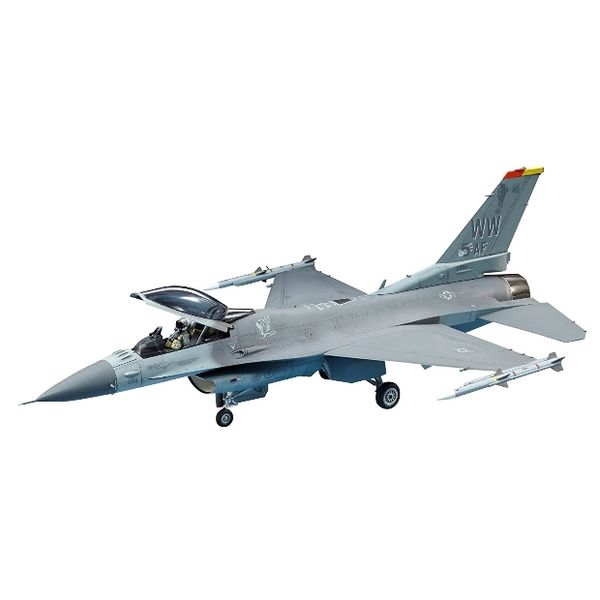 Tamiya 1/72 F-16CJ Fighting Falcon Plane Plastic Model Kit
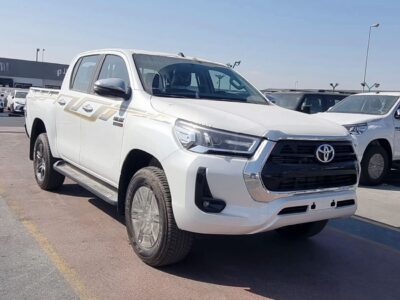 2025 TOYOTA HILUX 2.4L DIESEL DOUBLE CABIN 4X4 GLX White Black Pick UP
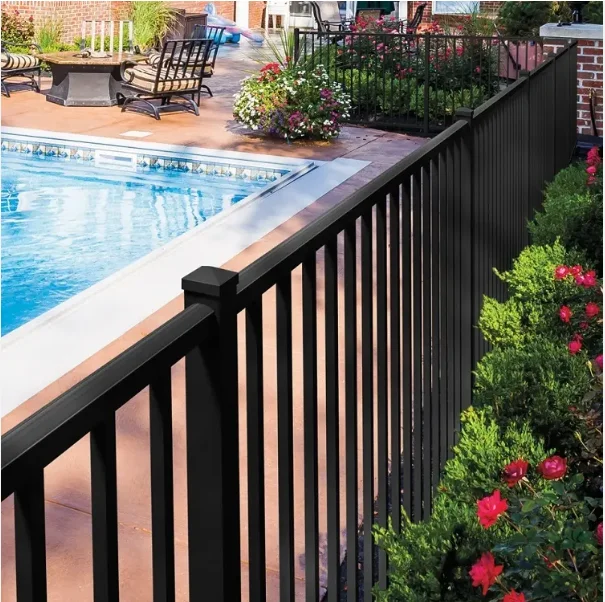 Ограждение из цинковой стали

============================================================

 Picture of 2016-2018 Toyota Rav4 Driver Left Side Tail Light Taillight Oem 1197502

============================================================

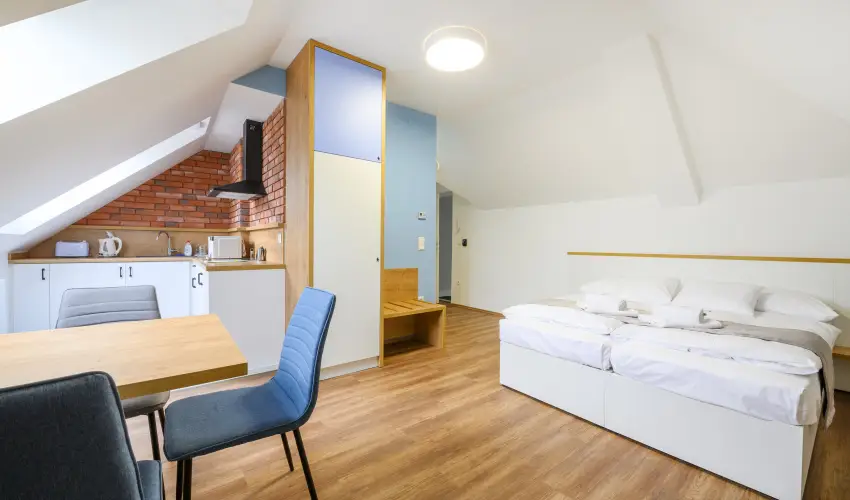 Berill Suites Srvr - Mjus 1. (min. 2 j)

============================================================

• _Exercise prompt_
In the listing above, find the line with "Tamiya 1/72 F-16CJ" and the line with "Ограждение из цинковой стали". Set down both and every line between them, minus the pictures.

• _Solution to this exercise_
 Tamiya 1/72 F-16CJ Fighting Falcon Plane Plastic Model Kit
 2025 TOYOTA HILUX 2.4L DIESEL DOUBLE CABIN 4X4 GLX White Black Pick UP
 Ограждение из цинковой стали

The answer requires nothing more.